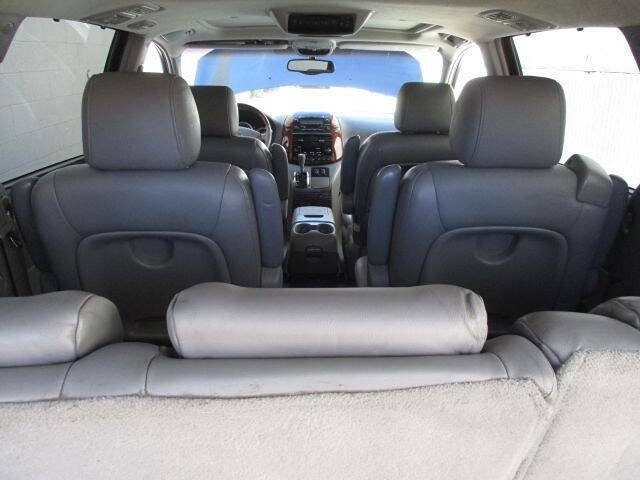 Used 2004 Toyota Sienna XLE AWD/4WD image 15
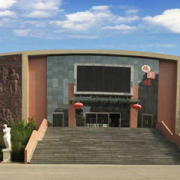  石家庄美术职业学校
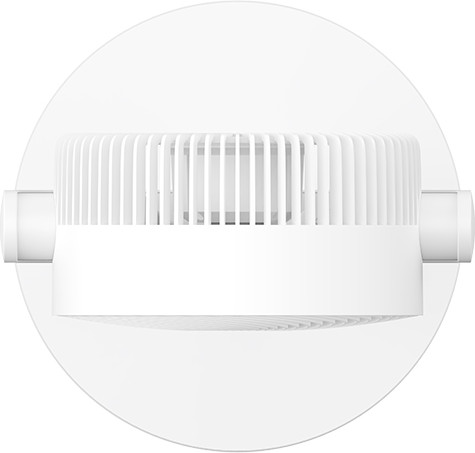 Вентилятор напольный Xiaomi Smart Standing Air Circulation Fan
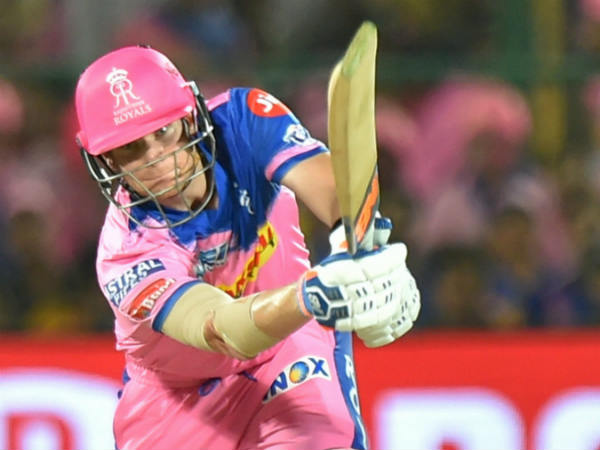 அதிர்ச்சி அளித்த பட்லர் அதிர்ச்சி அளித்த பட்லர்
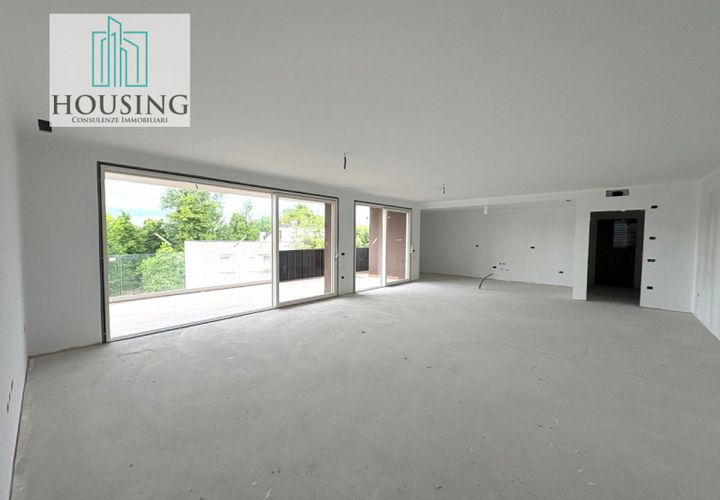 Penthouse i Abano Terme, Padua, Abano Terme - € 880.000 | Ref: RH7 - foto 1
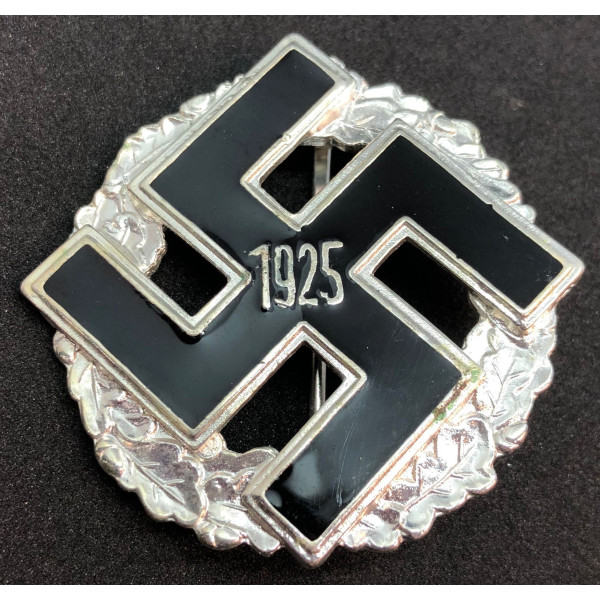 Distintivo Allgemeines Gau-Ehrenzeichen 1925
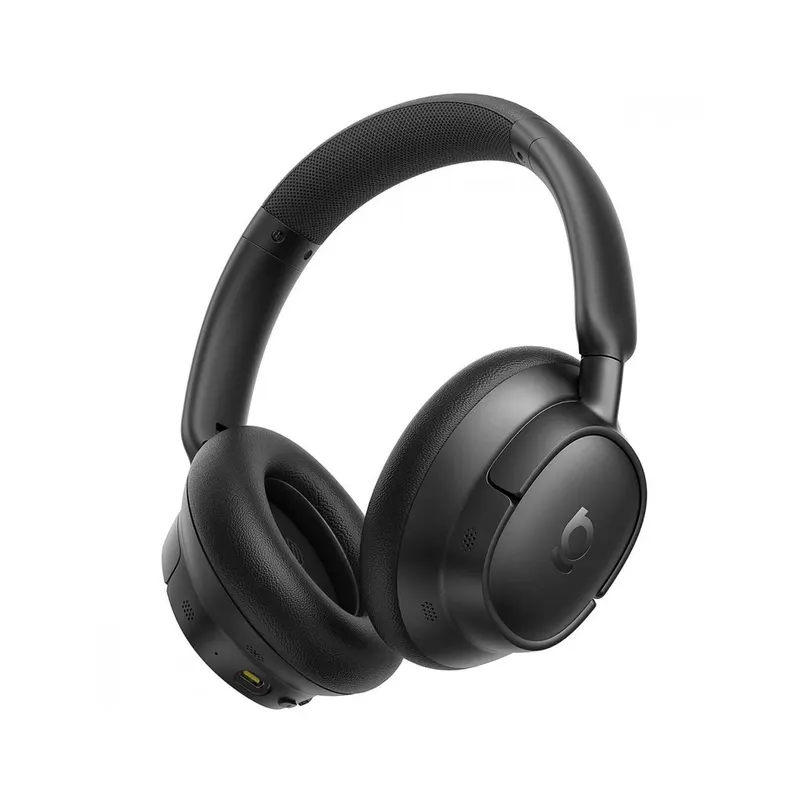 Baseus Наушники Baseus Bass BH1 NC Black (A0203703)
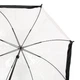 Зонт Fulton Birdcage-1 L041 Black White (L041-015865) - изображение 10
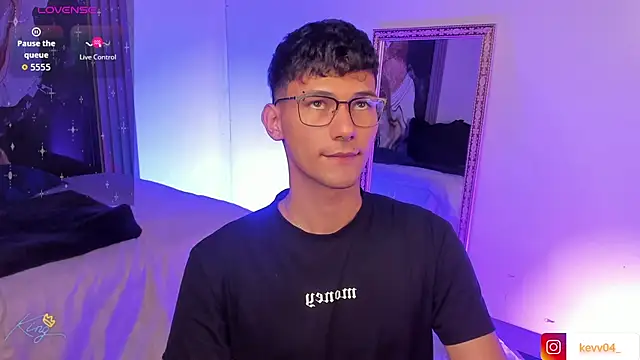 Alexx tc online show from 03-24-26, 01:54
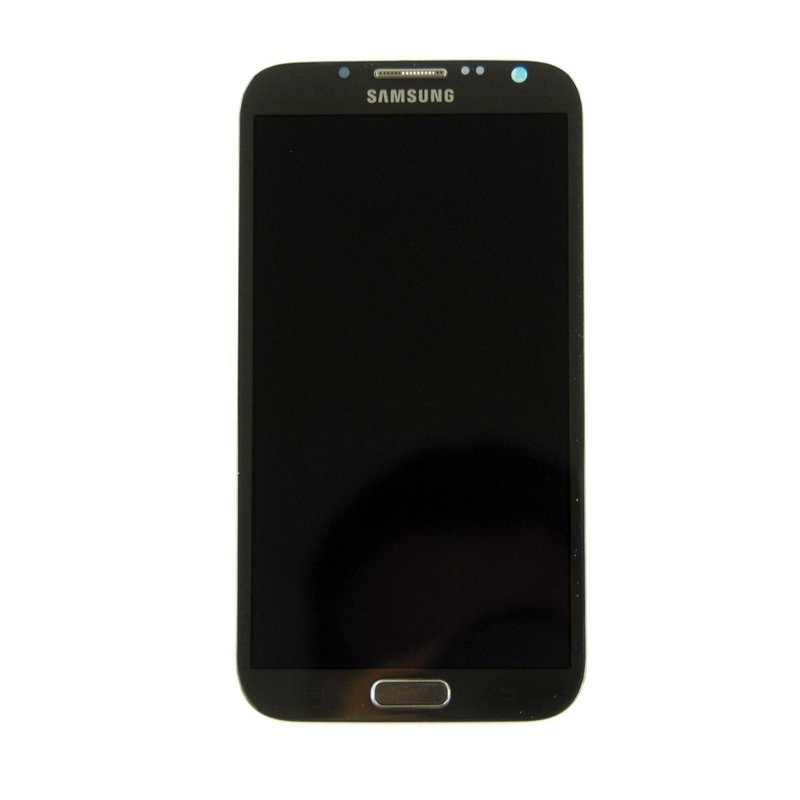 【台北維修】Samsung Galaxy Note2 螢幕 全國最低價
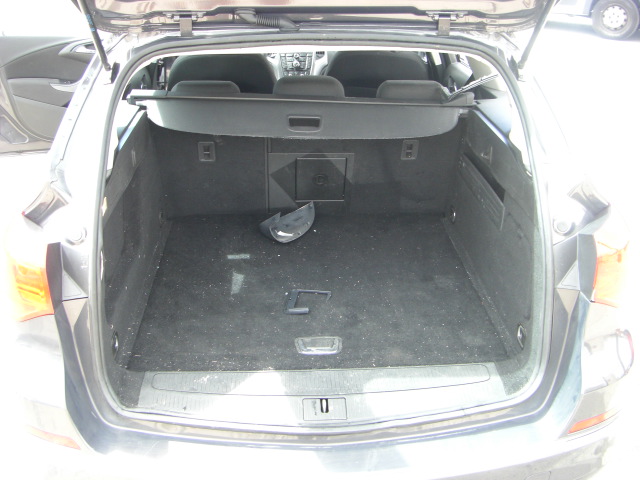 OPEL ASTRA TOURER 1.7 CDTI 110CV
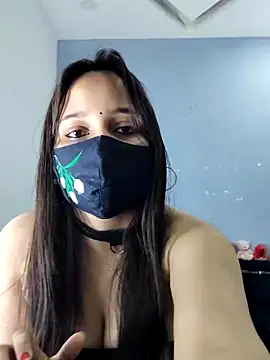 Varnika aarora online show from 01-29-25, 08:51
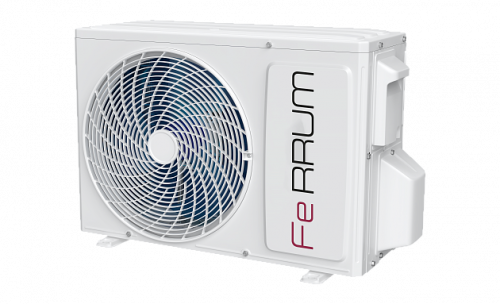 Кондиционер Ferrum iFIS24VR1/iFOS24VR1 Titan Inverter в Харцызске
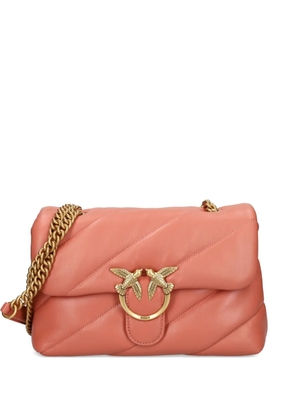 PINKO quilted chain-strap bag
======
▶ WORK ITEM
Repeat the records verbatim, excluding pictures.

▶ WRITTEN RESPONSE
 Used 2004 Toyota Sienna XLE AWD/4WD image 15
  石家庄美术职业学校
 Вентилятор напольный Xiaomi Smart Standing Air Circulation Fan
 அதிர்ச்சி அளித்த பட்லர் அதிர்ச்சி அளித்த பட்லர்
 Penthouse i Abano Terme, Padua, Abano Terme - € 880.000 | Ref: RH7 - foto 1
 Distintivo Allgemeines Gau-Ehrenzeichen 1925
 Baseus Наушники Baseus Bass BH1 NC Black (A0203703)
 Зонт Fulton Birdcage-1 L041 Black White (L041-015865) - изображение 10
 Alexx tc online show from 03-24-26, 01:54
 【台北維修】Samsung Galaxy Note2 螢幕 全國最低價
 OPEL ASTRA TOURER 1.7 CDTI 110CV
 Varnika aarora online show from 01-29-25, 08:51
 Кондиционер Ferrum iFIS24VR1/iFOS24VR1 Titan Inverter в Харцызске
 PINKO quilted chain-strap bag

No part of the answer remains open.